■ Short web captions
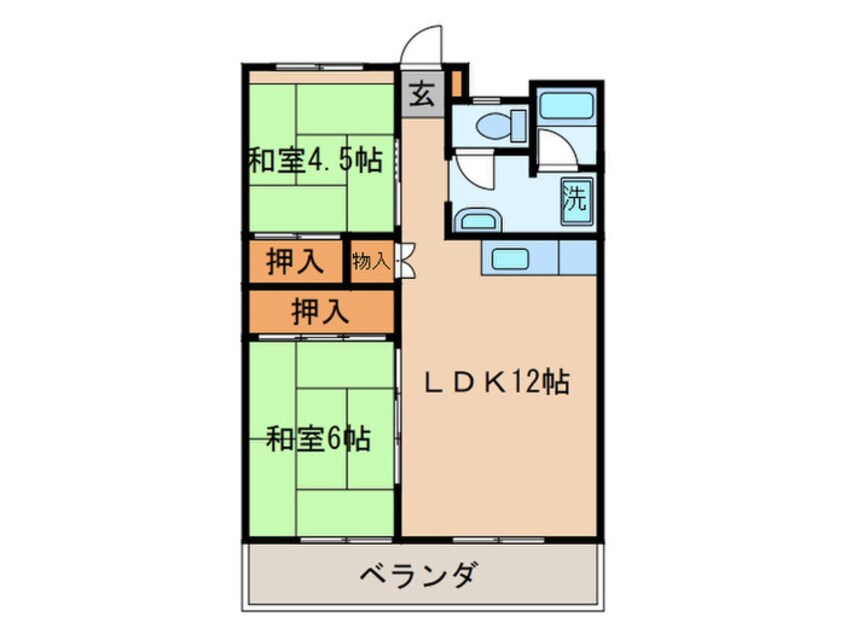 間取図 通谷グリーンハイツ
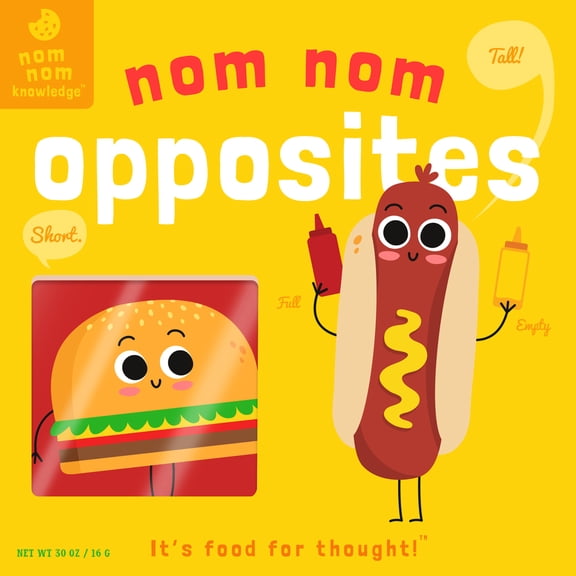 Pre-Owned Nom Nom: Opposites: Volume 3 (Board book) 1641701099 9781641701099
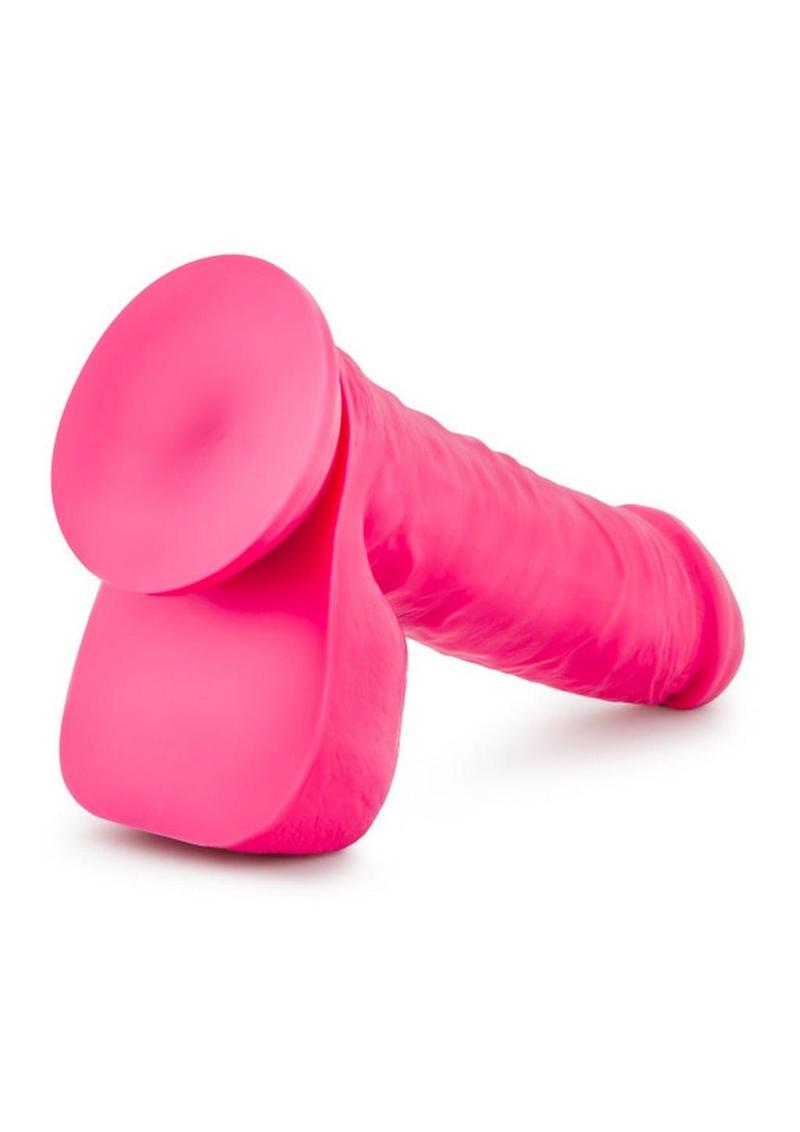 Ruse Big Poppa Silicone Dildo - Hot Pink/Pink - 7.75in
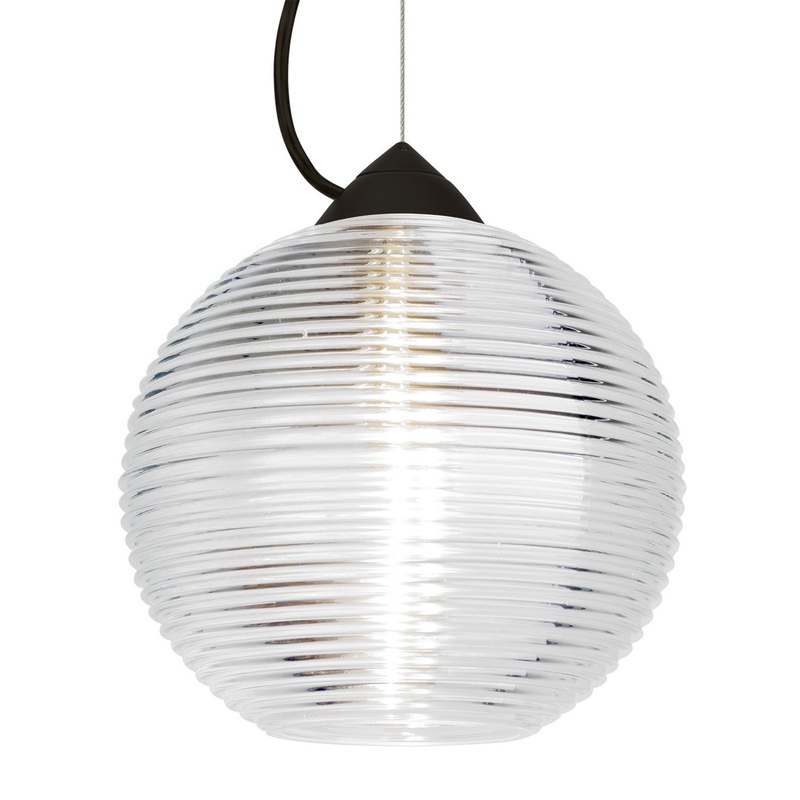 Besa 1KX-461600-LED-BK Besa Kristall 8 Pendant LED Pendant Black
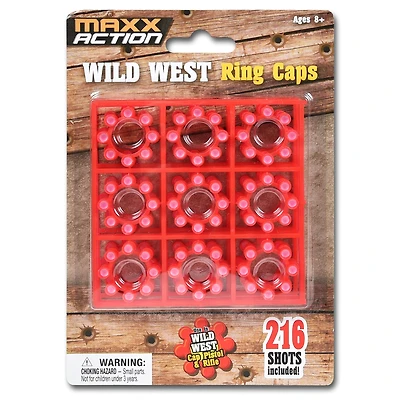 Maxx Action Wild West Ring Caps 216-Count
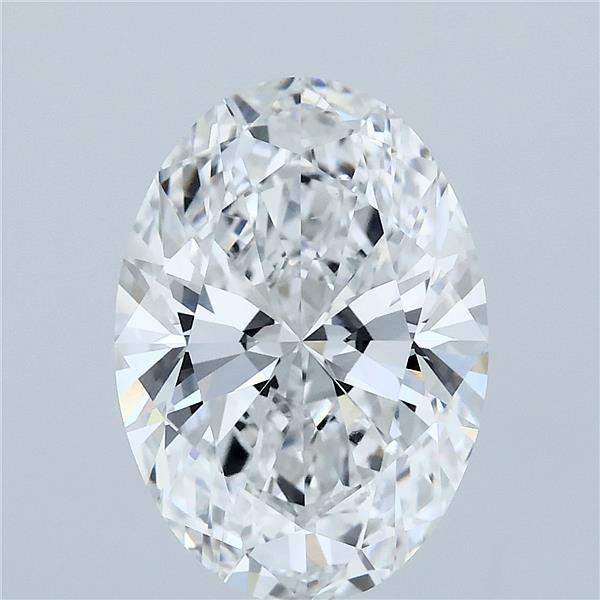 4ct Oval E VS2 Lab Created Diamond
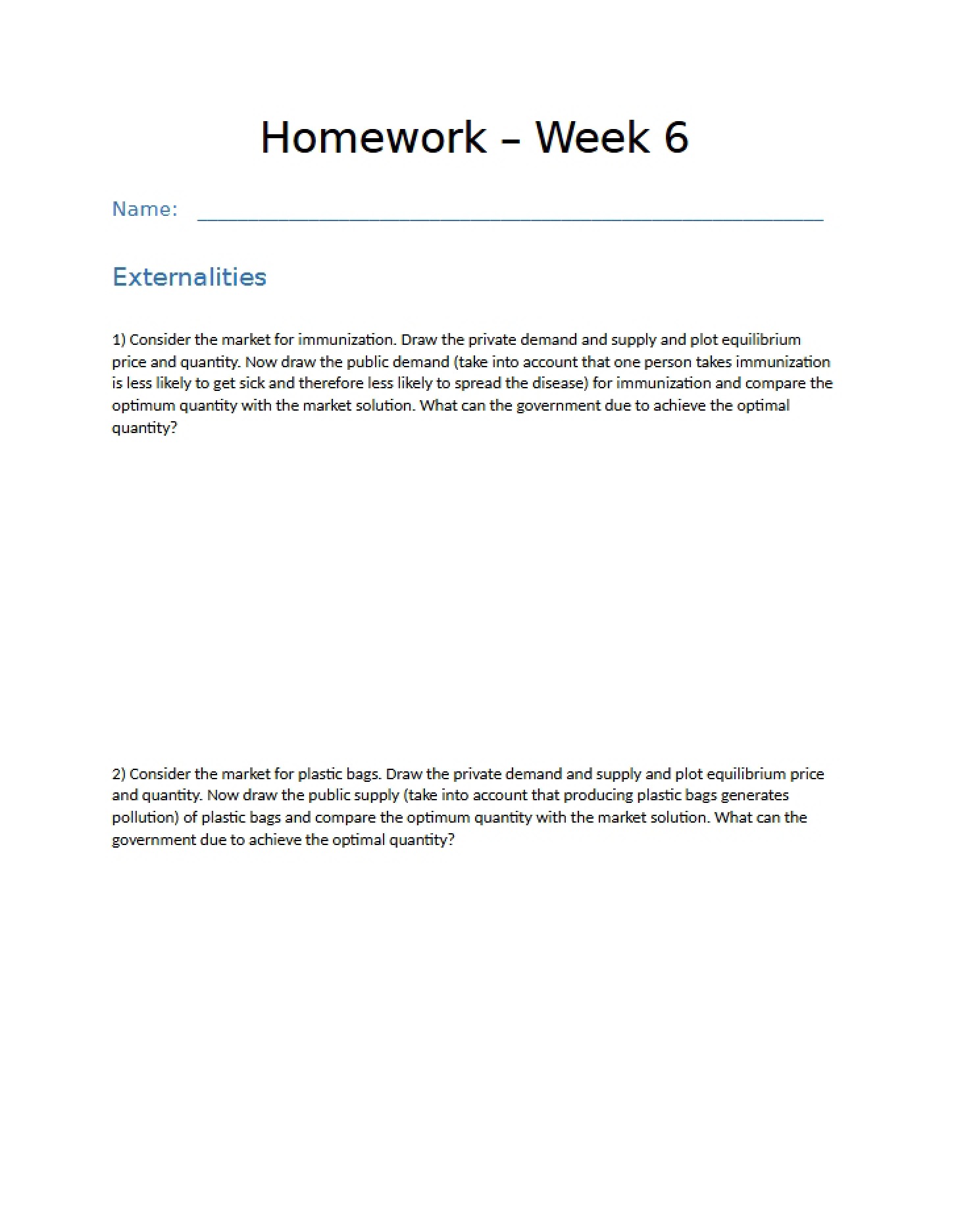 Week Six Homework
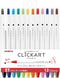 Zebra Clickart Water-based Pen, Standard 12 Colors Set, WYSS22-12CST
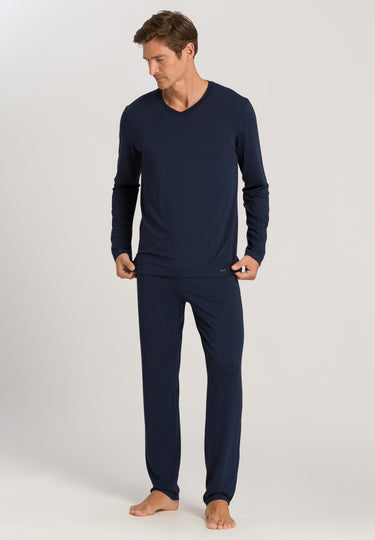 75036 Casuals L/Slv Shirt V-Neck - 1610 Deep Navy
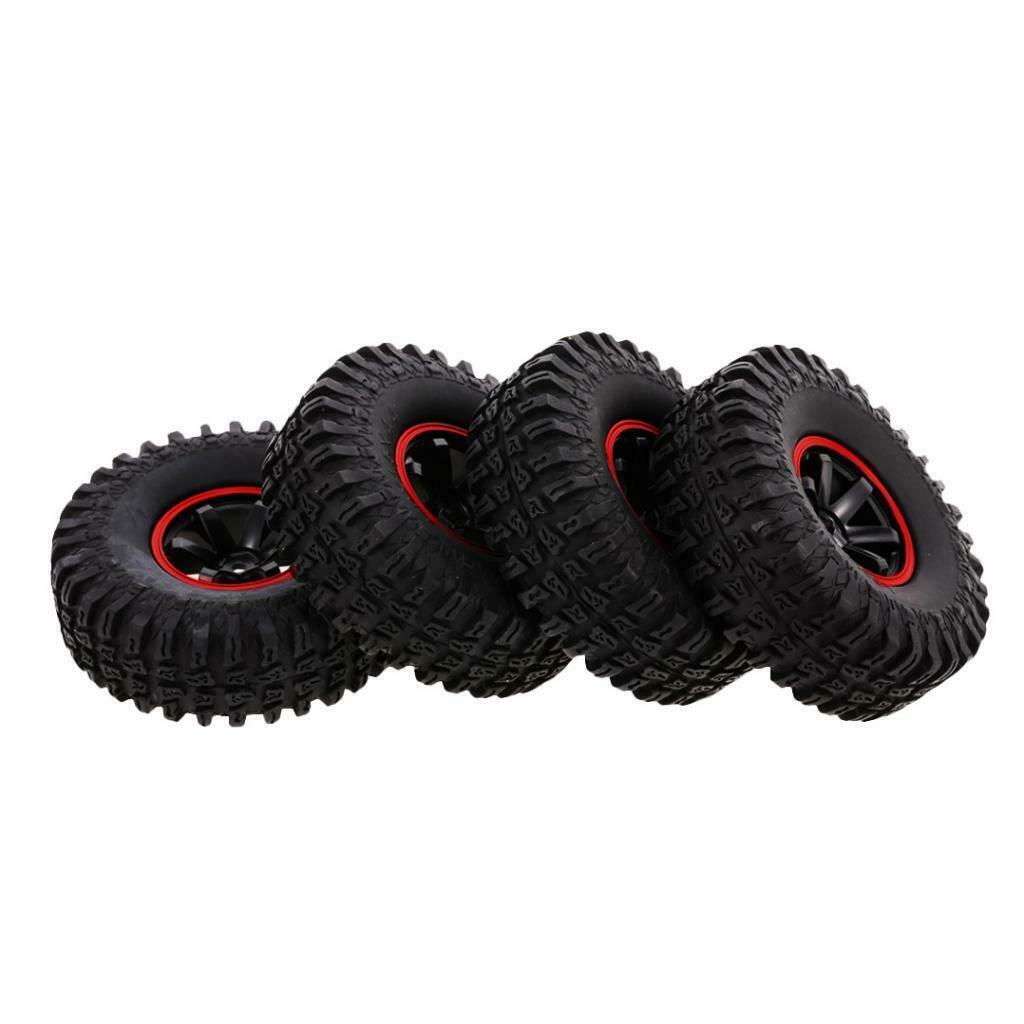 4pcs 1/10 1.9" Wheel 115mm Tire Set for   D90 TF2 RC Crawler Buggy Truck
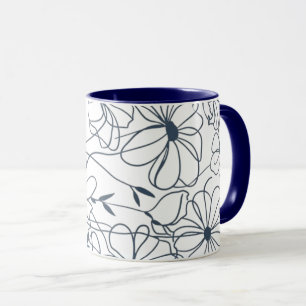 flowers coffee mug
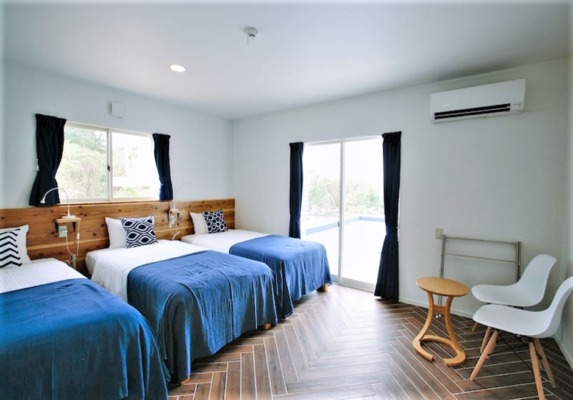 石垣島 貸切ヴィラ シエスタ 寝室 ベッドルーム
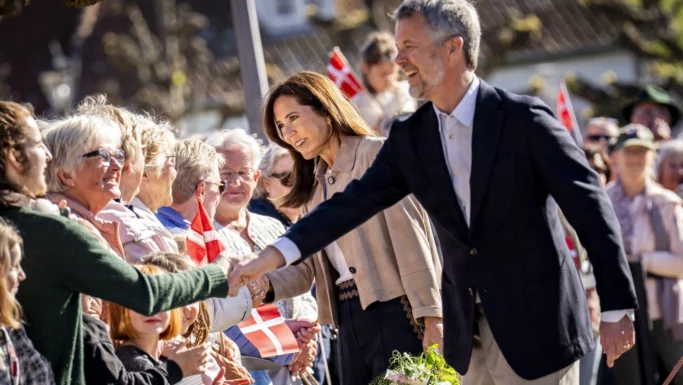 Kongeparret kong Frederik og dronning Mary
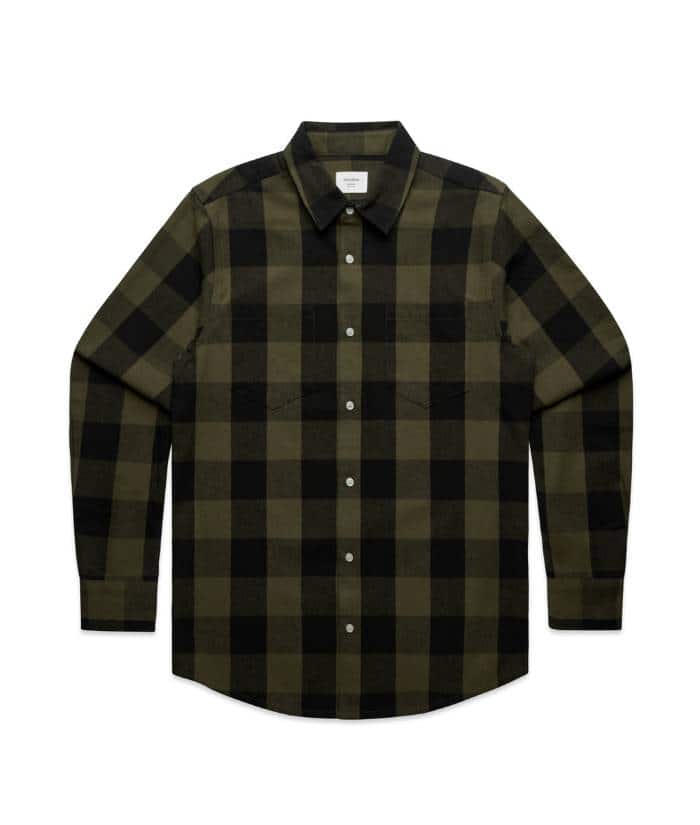 AS-Colour-check-flannelette-shirt-long-sleeve-5417-coal-black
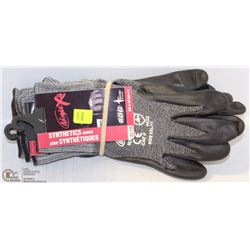 4 PAIRS OF XXL NINJA X4 LIGHT DUTY WORK GLOVES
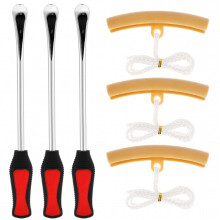 3Pcs Motorcycle Tyre Repair Tool Spoon Set 14 5 Inch Tire Levers Spoon Heavy Duty Motorcycle Tire Irons Tool Kit With Non slip Handle Motorbike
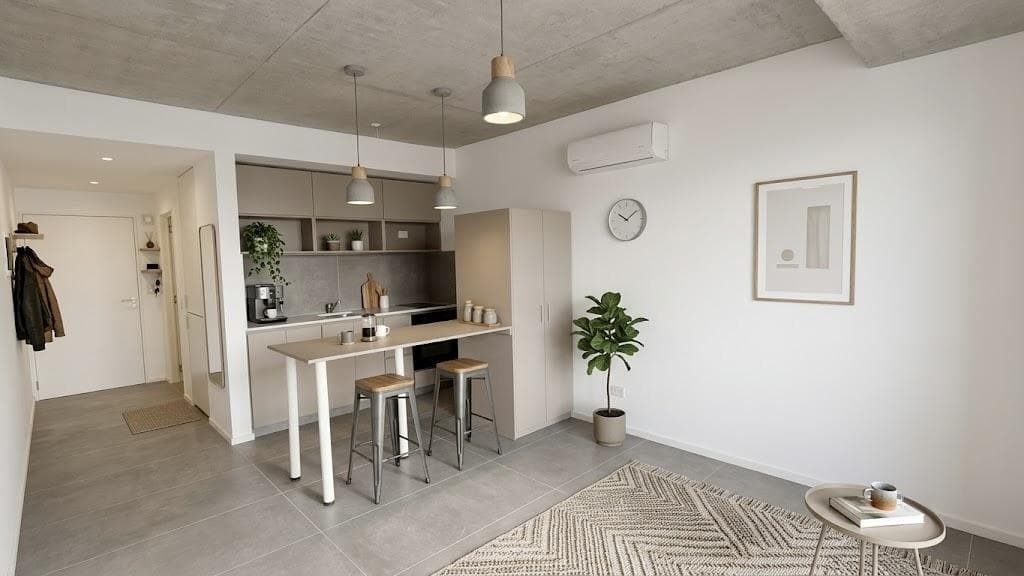 Brand-new studio apartments in Nuñez.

■ Activity
Copy only what runs above from the line containing "Week Six Homework" through the line containing "4 PAIRS OF XXL", exactly. Leave out the pictures.

■ Output below
 Week Six Homework
 Zebra Clickart Water-based Pen, Standard 12 Colors Set, WYSS22-12CST
 75036 Casuals L/Slv Shirt V-Neck - 1610 Deep Navy
 4pcs 1/10 1.9" Wheel 115mm Tire Set for   D90 TF2 RC Crawler Buggy Truck
 flowers coffee mug
 石垣島 貸切ヴィラ シエスタ 寝室 ベッドルーム
 Kongeparret kong Frederik og dronning Mary
 AS-Colour-check-flannelette-shirt-long-sleeve-5417-coal-black
 4 PAIRS OF XXL NINJA X4 LIGHT DUTY WORK GLOVES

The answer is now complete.